Dana has, as she told Ian, always loved motels, but her passage through a side door into this one is not the comfort it has always been. Grace’s nails make a ripping sound on the hallway rug—a nubby brown industrial carpet with an acrid plasticky smell—and the fluorescent lights tremor slightly in a way that makes the hallway pulse. Theirs is the first door, and when Dana opens it and flips on the lights, right away the dog begins growling. Dana has to nudge her a little and tug at the leash to get her to cross the threshold, and when she tries to close the door she has to grasp Grace’s tail to keep it from getting caught in the jamb. Then the dog stumbles and throws her weight against the door, slamming it shut, and when Dana releases her leash, Grace stays there, pressing her haunches up against the door in the corner and digging her nails deep into the carpet.

Dana adjusts her plan for the night. There will be her conversation with Ian, but there will also be the till-and-plow work of caregiving tasks
and unthreatening gestures she undertakes to soften Grace to her surroundings so that ultimately, sometime, perhaps close to midnight, the dog can stop whining long enough for the two of them to sleep. Beyond all evidence and reason, Dana does still from day to day hope for the ability to sleep.

Step one is water. She flips on the harsh white light of the bathroom. She pulls the beveled plastic sink knob and fills one metal bowl and then sets it on the floor of the bathroom to minimize the mess. Right away, though, she sees that for now at least it is hopeless. Grace is still cowering by the door to the room, folded up on the threshold in a cartoonish way, in a small contorted shape it is hard to believe her big body can even make. Dana steps into her room and sets her heavy backpack on the bed, making a crater in the center of the polyester spread reminiscent of models of gravity fields. If you set something along the bed’s edge—a marble, or a dinner roll, or even an infant—it would roll inexorably toward Dana’s densely packed backpack.

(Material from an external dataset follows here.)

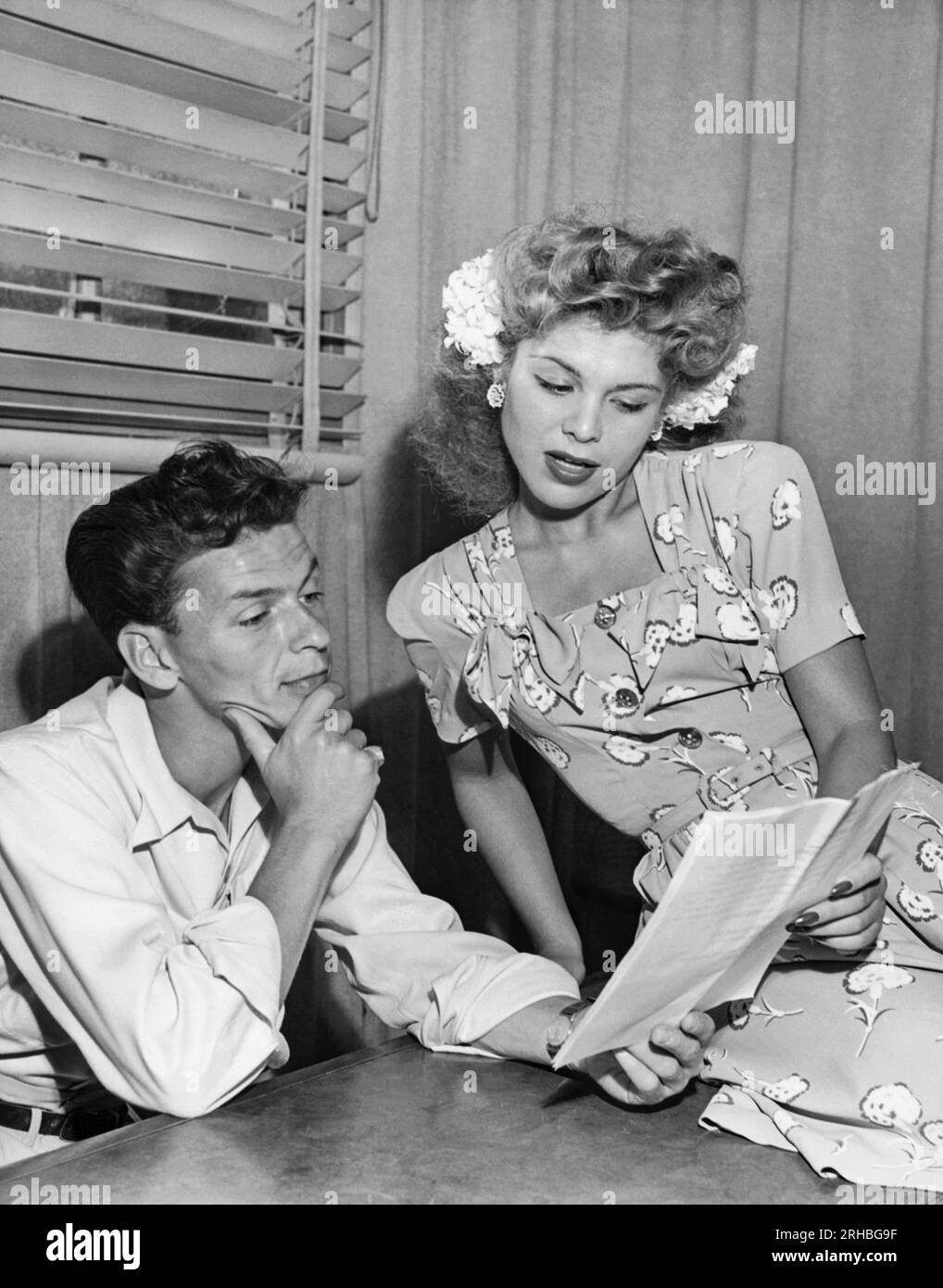 États-Unis : c. 1950 chanteurs Frank Sinatra et Eileen Barton qui lisent ensemble une partition musicale. Banque D'Images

Then Dana begins. She takes out her BlackBerry and types this message to Ian:

In my motel room. I can talk anytime now. Call or text when you’re ready.

And she reaches across the perfect gravity-scape of the bed, and from an outer compartment in her backpack she withdraws a thin laptop and a file of sample insurance letters. The backpack wobbles a bit on the soft mattress and resettles, its zippered compartment of stiff black ballistic nylon hanging open like a door or a mouth. She looks around the room. Navy and red and brown, with a dark peeling presswood dresser topped by a television with wood veneer siding and shiny chrome knobs you have to twist. Above the bed there is no picture, only a blank wall. Dana decides to sit not on the bed but in a wood-framed armchair in the corner where she can see both the door and the dog. She takes out the folder and opens it, and the letter she took from Ian’s kitchen is on top,
a phone number in crayon scrawled next to the stick figure with arms embracing rays of light.

She opens her laptop.

While she works, Grace alternates between growling and that panicky high-pitched rhythmic whine she began in the car, and she is still standing with one whole side of her body leaning against the door. It is such a strange and difficult posture to maintain that from time to time her muscles seem to spasm, and she pauses in her growling and slips and repositions herself with a surprisingly loud scrabble of her collar metal against the door. Dana presses on, drafting her letter, tapping out with a blank face phrases like, “in reference to your letter,” and “copies of any expert medical opinions,” and “treating physician may respond to its applicability to,” ignoring the growl and scrape, growl and scrape, until she hears a banging on the wall.